*WORK ORDER*:
Print nothing but the lines below starting at the line that holds "Букет цветов из: Хризантемы" and ending at the line that holds "برقکار صنعتی|خدمات پیشه", including both, each exactly as written.

___ RECORDS TO PROCESS

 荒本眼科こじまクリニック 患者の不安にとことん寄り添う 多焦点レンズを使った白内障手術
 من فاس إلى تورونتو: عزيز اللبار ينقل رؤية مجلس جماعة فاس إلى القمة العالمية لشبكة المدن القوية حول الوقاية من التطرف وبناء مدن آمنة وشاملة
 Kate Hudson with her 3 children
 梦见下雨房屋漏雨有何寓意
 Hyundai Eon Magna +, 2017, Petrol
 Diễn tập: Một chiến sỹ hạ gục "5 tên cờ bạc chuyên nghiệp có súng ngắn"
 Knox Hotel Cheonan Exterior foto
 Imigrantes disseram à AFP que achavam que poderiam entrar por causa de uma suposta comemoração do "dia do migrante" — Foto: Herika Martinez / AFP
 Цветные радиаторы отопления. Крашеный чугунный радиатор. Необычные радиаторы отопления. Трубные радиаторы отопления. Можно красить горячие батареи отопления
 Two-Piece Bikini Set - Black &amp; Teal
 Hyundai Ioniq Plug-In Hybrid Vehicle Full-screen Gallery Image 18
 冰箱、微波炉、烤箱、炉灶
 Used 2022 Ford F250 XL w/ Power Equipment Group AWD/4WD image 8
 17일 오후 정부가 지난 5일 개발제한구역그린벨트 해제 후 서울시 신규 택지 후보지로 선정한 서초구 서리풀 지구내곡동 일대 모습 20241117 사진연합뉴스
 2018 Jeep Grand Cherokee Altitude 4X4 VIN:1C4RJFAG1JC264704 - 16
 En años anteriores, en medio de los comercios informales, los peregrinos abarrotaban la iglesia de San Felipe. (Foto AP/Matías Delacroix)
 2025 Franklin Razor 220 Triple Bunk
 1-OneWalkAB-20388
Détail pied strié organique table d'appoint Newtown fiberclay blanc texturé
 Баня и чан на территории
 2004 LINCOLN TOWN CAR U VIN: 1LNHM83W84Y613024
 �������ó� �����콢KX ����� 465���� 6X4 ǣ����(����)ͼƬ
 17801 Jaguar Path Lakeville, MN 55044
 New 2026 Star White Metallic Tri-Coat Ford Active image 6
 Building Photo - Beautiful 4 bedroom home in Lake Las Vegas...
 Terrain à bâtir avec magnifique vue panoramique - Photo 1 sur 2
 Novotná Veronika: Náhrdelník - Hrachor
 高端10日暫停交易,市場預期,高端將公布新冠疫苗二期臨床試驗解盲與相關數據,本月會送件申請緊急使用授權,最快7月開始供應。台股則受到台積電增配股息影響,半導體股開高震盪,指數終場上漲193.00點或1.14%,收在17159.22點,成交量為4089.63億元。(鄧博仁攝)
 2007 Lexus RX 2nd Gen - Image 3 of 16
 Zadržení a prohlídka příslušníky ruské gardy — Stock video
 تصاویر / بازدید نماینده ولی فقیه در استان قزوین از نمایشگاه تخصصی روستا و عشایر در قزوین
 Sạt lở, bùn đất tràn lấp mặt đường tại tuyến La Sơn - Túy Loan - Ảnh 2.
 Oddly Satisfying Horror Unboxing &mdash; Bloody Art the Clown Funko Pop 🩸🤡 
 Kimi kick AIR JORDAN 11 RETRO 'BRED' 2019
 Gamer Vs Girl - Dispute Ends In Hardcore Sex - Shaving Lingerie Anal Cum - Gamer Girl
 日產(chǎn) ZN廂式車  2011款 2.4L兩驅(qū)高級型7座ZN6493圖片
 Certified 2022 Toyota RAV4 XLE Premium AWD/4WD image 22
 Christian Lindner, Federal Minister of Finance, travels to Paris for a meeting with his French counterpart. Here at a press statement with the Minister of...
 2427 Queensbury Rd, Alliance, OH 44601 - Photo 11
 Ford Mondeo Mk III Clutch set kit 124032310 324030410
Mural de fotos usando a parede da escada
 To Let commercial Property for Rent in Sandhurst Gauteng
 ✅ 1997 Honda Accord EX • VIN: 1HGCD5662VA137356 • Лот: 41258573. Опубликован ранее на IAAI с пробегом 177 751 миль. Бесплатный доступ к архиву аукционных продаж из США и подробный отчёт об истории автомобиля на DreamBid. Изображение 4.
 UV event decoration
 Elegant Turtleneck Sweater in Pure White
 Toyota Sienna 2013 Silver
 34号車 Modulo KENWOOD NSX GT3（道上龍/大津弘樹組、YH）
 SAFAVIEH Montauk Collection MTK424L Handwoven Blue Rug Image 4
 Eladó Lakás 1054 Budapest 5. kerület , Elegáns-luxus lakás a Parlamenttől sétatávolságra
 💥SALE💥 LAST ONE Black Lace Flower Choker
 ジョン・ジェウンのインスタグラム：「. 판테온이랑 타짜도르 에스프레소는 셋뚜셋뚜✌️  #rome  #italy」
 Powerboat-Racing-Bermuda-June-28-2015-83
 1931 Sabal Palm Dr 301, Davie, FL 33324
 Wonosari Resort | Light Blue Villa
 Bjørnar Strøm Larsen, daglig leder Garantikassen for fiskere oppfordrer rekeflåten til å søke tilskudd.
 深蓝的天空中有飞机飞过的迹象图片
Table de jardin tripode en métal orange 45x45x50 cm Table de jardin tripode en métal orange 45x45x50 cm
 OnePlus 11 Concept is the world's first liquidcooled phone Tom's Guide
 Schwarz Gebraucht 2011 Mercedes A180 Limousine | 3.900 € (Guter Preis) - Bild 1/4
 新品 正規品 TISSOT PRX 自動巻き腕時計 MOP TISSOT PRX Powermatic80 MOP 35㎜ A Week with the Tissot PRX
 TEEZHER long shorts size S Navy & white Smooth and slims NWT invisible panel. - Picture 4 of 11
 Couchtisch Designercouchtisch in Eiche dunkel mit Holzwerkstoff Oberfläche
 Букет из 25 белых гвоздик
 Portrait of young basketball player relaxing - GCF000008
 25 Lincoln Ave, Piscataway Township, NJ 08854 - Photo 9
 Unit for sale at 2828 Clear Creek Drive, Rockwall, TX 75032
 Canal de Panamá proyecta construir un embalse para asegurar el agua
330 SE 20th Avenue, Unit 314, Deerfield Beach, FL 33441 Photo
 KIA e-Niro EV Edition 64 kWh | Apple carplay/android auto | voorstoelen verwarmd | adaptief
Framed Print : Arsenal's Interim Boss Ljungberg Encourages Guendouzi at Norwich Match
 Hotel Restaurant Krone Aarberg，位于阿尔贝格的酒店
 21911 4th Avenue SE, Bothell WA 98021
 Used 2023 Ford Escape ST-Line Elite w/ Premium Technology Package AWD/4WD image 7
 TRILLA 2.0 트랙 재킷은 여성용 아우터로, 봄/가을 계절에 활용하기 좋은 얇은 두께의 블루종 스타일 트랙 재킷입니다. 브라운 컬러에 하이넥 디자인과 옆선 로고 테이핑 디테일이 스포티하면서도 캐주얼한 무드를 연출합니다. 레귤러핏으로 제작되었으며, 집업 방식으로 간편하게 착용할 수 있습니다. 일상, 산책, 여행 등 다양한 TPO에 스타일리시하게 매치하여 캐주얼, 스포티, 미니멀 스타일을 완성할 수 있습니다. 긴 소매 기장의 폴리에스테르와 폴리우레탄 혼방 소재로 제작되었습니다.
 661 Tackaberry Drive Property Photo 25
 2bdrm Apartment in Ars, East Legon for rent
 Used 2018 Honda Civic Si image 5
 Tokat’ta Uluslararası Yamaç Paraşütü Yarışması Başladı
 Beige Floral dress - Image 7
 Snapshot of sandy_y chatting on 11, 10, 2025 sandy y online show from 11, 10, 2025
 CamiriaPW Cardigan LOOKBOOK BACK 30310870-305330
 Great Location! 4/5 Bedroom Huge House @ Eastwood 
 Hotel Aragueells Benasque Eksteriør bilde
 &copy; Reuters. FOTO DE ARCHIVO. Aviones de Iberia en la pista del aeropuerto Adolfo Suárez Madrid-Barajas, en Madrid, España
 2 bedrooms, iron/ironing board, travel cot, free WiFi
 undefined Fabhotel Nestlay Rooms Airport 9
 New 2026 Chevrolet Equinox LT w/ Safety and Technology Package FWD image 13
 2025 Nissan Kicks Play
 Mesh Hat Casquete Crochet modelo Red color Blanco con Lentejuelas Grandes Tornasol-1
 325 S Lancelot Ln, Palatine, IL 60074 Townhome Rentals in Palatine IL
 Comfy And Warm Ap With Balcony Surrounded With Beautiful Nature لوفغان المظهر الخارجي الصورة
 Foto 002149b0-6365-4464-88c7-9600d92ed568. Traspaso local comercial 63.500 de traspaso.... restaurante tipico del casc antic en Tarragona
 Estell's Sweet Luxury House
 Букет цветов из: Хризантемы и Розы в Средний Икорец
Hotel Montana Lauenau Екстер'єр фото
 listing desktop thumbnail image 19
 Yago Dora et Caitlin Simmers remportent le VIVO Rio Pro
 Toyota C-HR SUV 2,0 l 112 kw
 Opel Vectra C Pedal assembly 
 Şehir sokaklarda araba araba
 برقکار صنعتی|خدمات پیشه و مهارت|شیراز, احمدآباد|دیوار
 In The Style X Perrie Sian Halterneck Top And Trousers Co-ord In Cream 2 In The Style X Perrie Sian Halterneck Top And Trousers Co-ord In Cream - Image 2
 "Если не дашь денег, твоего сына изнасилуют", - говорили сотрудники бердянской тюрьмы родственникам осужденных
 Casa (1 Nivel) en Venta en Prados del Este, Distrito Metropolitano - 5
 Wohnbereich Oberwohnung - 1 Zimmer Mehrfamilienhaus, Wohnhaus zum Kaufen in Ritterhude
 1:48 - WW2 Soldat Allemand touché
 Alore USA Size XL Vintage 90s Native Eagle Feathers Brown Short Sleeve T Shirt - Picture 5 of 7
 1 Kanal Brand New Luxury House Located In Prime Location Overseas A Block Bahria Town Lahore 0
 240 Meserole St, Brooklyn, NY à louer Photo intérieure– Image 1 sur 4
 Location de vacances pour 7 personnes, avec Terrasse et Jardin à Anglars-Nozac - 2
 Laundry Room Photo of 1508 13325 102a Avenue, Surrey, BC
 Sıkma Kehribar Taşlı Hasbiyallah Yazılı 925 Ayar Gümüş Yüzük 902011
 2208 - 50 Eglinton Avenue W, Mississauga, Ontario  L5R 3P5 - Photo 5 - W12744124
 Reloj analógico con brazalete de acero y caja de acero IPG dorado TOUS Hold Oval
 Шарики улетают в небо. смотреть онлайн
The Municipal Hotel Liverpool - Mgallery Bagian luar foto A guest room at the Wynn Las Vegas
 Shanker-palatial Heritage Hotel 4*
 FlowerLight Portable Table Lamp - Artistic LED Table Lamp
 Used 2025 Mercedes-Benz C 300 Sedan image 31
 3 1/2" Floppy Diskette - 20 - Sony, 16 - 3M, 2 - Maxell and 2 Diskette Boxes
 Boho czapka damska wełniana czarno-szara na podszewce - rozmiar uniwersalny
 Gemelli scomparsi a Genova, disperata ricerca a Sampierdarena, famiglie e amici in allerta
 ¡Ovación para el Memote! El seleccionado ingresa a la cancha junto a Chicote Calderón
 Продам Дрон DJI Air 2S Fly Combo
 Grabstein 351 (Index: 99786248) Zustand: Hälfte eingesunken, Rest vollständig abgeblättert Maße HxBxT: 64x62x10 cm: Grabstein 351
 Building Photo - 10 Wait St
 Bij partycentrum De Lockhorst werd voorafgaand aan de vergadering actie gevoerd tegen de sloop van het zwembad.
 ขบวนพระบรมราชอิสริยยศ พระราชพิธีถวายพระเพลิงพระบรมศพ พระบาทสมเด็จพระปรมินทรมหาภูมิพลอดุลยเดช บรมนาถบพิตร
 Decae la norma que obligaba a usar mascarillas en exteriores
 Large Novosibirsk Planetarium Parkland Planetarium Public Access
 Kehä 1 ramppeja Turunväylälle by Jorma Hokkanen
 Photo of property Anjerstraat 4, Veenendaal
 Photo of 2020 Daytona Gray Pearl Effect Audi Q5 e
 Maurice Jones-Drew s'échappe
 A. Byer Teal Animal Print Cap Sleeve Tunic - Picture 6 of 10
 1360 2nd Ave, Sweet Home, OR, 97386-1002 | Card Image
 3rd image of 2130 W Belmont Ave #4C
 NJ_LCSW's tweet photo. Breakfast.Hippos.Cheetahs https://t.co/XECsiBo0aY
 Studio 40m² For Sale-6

______

*RESPONSE BELOW*:
 Букет цветов из: Хризантемы и Розы в Средний Икорец
Hotel Montana Lauenau Екстер'єр фото
 listing desktop thumbnail image 19
 Yago Dora et Caitlin Simmers remportent le VIVO Rio Pro
 Toyota C-HR SUV 2,0 l 112 kw
 Opel Vectra C Pedal assembly 
 Şehir sokaklarda araba araba
 برقکار صنعتی|خدمات پیشه و مهارت|شیراز, احمدآباد|دیوار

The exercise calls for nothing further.